BUMN
HISTORICAL
BUMN
Pada awalnya BUMN adalah hasil
nasionalisasi ex-perusahaan-perusahaan asing (belanda) yang kemudian ditetapkan
sebagai perusahaan negara. Kemudian dengan UU No.1 prp 1969 dibentuklah 3 jenis
BUMN menjadi “perusahaan jawatan (perjan), perusahaan umum (perum), dan persero”.

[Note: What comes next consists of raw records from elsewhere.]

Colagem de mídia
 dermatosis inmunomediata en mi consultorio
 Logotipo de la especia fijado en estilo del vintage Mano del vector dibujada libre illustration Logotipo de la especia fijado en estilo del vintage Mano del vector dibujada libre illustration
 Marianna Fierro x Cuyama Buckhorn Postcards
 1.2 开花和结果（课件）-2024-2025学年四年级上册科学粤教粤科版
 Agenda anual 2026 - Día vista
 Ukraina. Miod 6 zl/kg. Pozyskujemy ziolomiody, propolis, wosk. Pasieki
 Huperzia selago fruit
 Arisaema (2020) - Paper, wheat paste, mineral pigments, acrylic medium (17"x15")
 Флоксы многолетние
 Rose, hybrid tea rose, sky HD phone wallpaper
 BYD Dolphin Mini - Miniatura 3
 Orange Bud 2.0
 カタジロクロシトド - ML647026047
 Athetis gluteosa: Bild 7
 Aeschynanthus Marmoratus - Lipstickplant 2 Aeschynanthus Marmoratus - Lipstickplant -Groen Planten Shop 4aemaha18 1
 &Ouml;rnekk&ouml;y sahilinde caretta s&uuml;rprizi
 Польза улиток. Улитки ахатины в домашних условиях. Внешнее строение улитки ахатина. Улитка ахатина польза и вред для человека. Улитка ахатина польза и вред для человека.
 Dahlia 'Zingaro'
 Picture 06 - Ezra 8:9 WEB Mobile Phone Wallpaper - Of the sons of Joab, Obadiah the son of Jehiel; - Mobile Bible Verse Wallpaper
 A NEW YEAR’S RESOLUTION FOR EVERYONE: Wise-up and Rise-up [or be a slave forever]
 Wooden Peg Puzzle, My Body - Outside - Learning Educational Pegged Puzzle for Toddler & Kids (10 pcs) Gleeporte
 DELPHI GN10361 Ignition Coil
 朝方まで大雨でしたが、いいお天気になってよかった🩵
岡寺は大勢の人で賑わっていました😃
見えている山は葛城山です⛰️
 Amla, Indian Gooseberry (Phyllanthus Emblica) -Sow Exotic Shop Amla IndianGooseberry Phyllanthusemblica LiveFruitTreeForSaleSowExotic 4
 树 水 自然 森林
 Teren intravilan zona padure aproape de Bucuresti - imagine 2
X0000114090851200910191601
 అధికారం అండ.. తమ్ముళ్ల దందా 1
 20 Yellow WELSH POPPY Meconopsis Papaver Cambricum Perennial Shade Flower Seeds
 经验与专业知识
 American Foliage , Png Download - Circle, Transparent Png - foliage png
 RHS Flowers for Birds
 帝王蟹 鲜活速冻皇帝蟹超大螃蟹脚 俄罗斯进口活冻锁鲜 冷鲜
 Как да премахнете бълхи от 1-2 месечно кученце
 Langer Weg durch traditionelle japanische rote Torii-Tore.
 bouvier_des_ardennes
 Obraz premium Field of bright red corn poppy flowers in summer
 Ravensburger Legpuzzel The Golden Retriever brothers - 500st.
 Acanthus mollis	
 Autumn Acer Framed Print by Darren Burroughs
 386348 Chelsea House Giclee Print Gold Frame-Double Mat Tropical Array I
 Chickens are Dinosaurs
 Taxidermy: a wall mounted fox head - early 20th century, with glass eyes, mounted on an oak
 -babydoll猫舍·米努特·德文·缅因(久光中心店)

Pembagian ini dibentuk berdasarkan dengan tugas, fungsi dan misi usaha pada
waktu itu.
Filosofi mengapa dibentuk BUMN
adalah
karena berdasarkan pada bunyi ketentuan UU pasal 33 khususnya ayat 2
yang mengandung maksud bahwa : “cabang-cabang produksi penting bagi negara yang
menguasai ha-jat hidup orang banyak dikuasai oleh negara. Kemudian bumi, air,
dan kekayaan alam yang terkandung
didalamnya dikuasai oleh negara dan dipergunakan untuk sebesar-besarnya
kemakmuran rakyat.
SEKTOR
USAHA BUMN
Pada dasarnya sektor-sektor usaha
yang dilakukan oleh BUMN mencakup hampir seluruh sektor dan bidang usaha yang
ada dimana didalamnya terdapat 11 kelompok besar sektor, yaitu :
·
Agro industri
·
Telekomunikasi
·
Semen, kontruksi konsultan Engineering
·
Pertambangan
·
Energi
·
Logistik
·
Pariwisata
·
Kehutanan dan kertas
·
Jasa keuangan
·
Industri startegis
·
Jasa penunjang pertanian.
Dari sektor tersebut terbagi lagi
menjadi sub-subsektor seperti ‘jasa keuangan dapat dibagi menjadi jasa keuangan
perbankan dan jasa keuangan non perbankan (misalnya asuransi),demikian juga
terhadap sektor logistik yang dapat dibagi menjadi bidang transportasi,
penunjang transportasi (misalnya bandara, pelabuhan), kawasan industri dok
perkapalan dan lain sebagainya.
KINERJA
BUMN
Saat ini BUMN berjumlah 139 yang
dalam pelaksanaan tugasnya masih memerlukan beberapa perbaikan-perbaikan sistem
manajemennya untuk mengangkat kinerjanya. Perangkat perbaikan tersebut termasuk
untuk menciptakan kontrol sistem, oleh karenanya sejak tahun 2002 diwajibkan
bagi seluruh BUMN menerapkan program GCG yang kemudian diikuti dengan penerapan
program-program lain yang dapat menunjang kinerjanya seperti penerapan program
Risk Management yang gencar diwajibkan sejak awal 2006 ini, selain beberapa
BUMN yang bergerak dibidang industri-industri penting seperti: Telkom, PLN,
Perbankan dan industri-industri berbasis teknologi tinggi telah lebih dulu
menerapkan program Risk Management ini.
LIMA
FAKTOR YANG MELATARBELAKANGI KEBERADAAN BUMN
- Pelopor
atau perintis karena swasta tidak tertarik untuk menggelutinya
- Pengelola
bidang-bidang usaha yang "strategis" dan pelaksana pelayanan
publik
- Penyeimbang
kekuatan-kekuatan swasta besar
- Sumber
Pendapatan Negara
- Hasil
dari nasionalisasi perusahaan-perusahaan Belanda
DEFINISI RESTRUKTURISASI DAN
PRIVATISASI BUMN
Pengertian Restrukturisasi BUMN adalah upaya peningkatan
kesehatan BUMN / perusahaan dan pengembangan kinerja usaha melalui sistem baku
yang biasa berlaku dalam dunia korporasi.
Tujuan
Restrukturisasi BUMN :
- Mengubah
kontrol pemerintah terhadap BUMN yang semula secara langsung (control by
process) menjadi kontrol berdasarkan hasil (control by result).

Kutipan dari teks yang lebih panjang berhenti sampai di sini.